Relationship marketing on a large scale did not become practical until the late 1990s as information technology made it possible to capture, store and retrieve customer transaction patterns and preferences. In the past, the store owner tapped the database in his head. Today, technology lets firms tailor personalized service to existing customers by keeping past transactions and communication in a computerized database. The big difference between then and now is that today’s firms can use CRM-enabling technology to “remember” the preferences of thousands, even millions, of customers and are no longer constrained to market only to consumers located near brick-and-mortar stores.

By investing in information systems that capture the relationship electronically, today’s one-to-one marketer “knows” the customer, much as the 19th-century shopkeeper did. The insight gained from continual dealings is the source of competitive advantage that allows the seller to keep the customer returning. That personalized service, which is carefully cultivated over time, creates a barrier to customers switching to other providers.

But what about those studies indicating that customers are jittery over the use of their personal information?

At first glance, the intensive data collection that underpins CRM strategies would seem to fan the flames of privacy fears. Fortunately, a growing body of empirical evidence suggests that well-executed CRM actually reduces privacy fears. As market researchers have delved more deeply into the privacy issue to identify more precisely the basis for consumer unease with data collection, they have found conditions under which those concerns may be alleviated.

Researcher Alan Westin, publisher of Privacy & American Business, observed: “Harris-Westin surveys from 1978 to the present have found the driving factors behind privacy attitudes, both in general and in specific consumer areas, to be a combination of two orientations: the individual’s level of distrust in institutions and fears of technology abuse.”

Though some consumers view privacy as an absolute right, the majority of consumers do not. Most consistently show a willingness to give up some information about themselves if they are comfortable with the requesting party, think they will be treated fairly and perceive benefits in return. In Westin’s words, “Most consumers are shrewd privacy balancers.”

Familiarity fosters trust. The importance of an established relationship has been demonstrated in online and offline settings. Consumers’ experience with any type of organization is one of the main reasons for trusting it with their personal information. For reducing privacy fears, one recent study concluded that improving trust by signaling a genuine intent to build a lasting relationship was even more effective than letting the consumer set limits on how information would be used (e.g., offering consumers the ability to opt out of sharing data with third parties).

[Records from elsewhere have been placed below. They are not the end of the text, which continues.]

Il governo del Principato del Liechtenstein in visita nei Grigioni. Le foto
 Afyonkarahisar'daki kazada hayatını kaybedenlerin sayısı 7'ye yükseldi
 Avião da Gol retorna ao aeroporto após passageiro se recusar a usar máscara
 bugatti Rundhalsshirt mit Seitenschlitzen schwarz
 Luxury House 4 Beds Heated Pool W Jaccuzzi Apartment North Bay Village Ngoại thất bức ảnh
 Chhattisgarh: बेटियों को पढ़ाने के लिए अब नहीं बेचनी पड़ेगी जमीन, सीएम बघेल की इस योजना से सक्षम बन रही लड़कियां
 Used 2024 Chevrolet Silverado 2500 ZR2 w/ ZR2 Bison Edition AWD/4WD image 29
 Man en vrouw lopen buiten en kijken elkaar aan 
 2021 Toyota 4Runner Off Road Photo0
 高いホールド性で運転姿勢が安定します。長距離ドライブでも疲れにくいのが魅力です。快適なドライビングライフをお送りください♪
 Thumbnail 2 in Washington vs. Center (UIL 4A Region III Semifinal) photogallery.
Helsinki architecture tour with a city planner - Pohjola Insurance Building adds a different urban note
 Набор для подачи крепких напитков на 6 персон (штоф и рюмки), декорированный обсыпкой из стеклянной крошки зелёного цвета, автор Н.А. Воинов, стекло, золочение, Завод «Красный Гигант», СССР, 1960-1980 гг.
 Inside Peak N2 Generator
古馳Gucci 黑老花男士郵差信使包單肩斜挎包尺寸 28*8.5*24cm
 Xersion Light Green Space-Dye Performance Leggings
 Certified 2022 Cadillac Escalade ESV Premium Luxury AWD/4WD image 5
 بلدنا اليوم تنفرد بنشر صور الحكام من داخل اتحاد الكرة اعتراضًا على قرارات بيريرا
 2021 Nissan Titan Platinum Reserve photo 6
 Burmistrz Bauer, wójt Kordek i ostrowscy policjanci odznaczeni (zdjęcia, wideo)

The message to marketers is simple: Know your customers, anticipate their needs and heed their preferences. More frequent communication with customers (not just a one-way exchange of product offerings, but a two-way interchange) engenders greater trust, just as it does in the physical world with personal relationships.

Thus, paradoxically, acquiring more information and showing greater interest in customers can reduce privacy concerns. Research has built a case that stronger CRM efforts by firms can ameliorate the privacy issue, thereby boosting consumer patronage and sales revenues as well as reducing the call for privacy legislation that could kill the golden goose.

Companies that harness these communication touch points to construct a single, enterprisewide view of each customer gain a necessary tool for offering a personalized relationship that the customer will perceive as sincere and trustworthy.

Through this “rehumanizing of marketing,” consumers actually want their business partners to know them better so they can receive better products and better service.